## WHAT YOU HAVE TO DO
The whole listing, exactly as given: write it out, leaving out each image.

[DATASET EXCERPT]

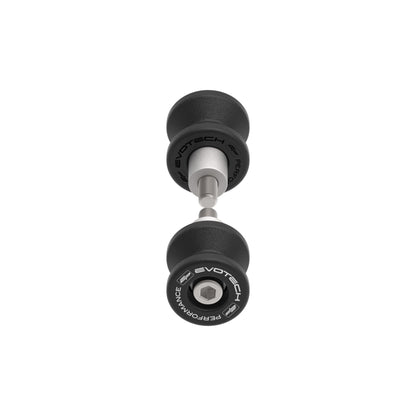 Evotech Paddock Stand Bobbins - Ducati Multistrada 950 (2019-2021)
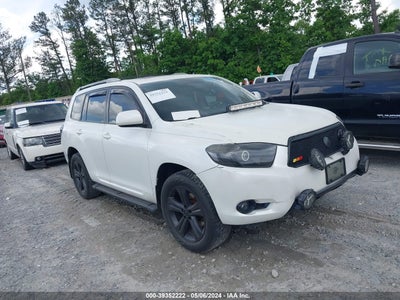 Toyota Highlander 2008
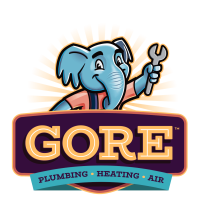 Gore Plumbing, Heating & Air.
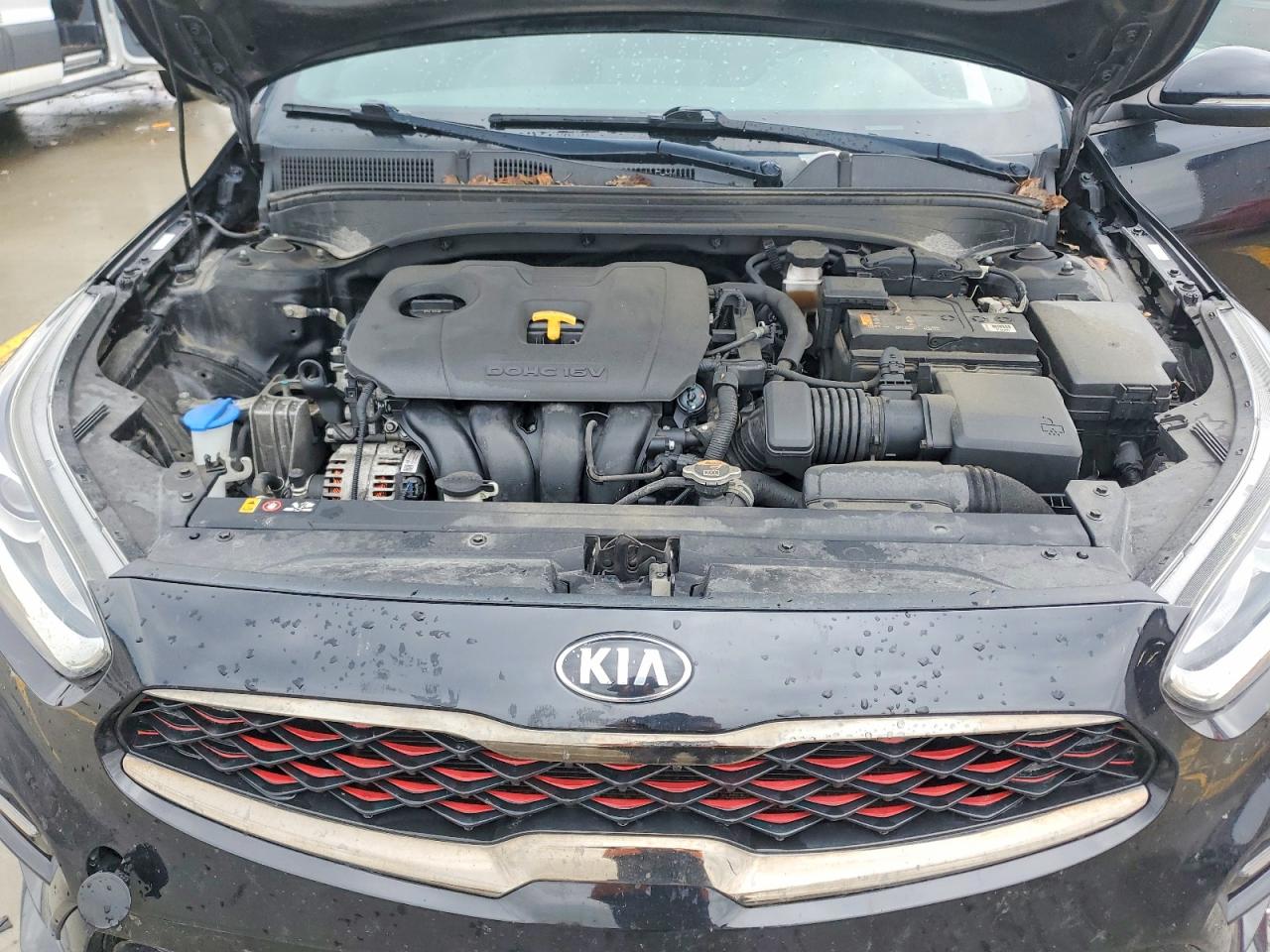2020 KIA FORTE photo 31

[/DATASET EXCERPT]

## TASK OUTPUT
 Evotech Paddock Stand Bobbins - Ducati Multistrada 950 (2019-2021)
 Toyota Highlander 2008
 Gore Plumbing, Heating & Air.
2020 KIA FORTE photo 31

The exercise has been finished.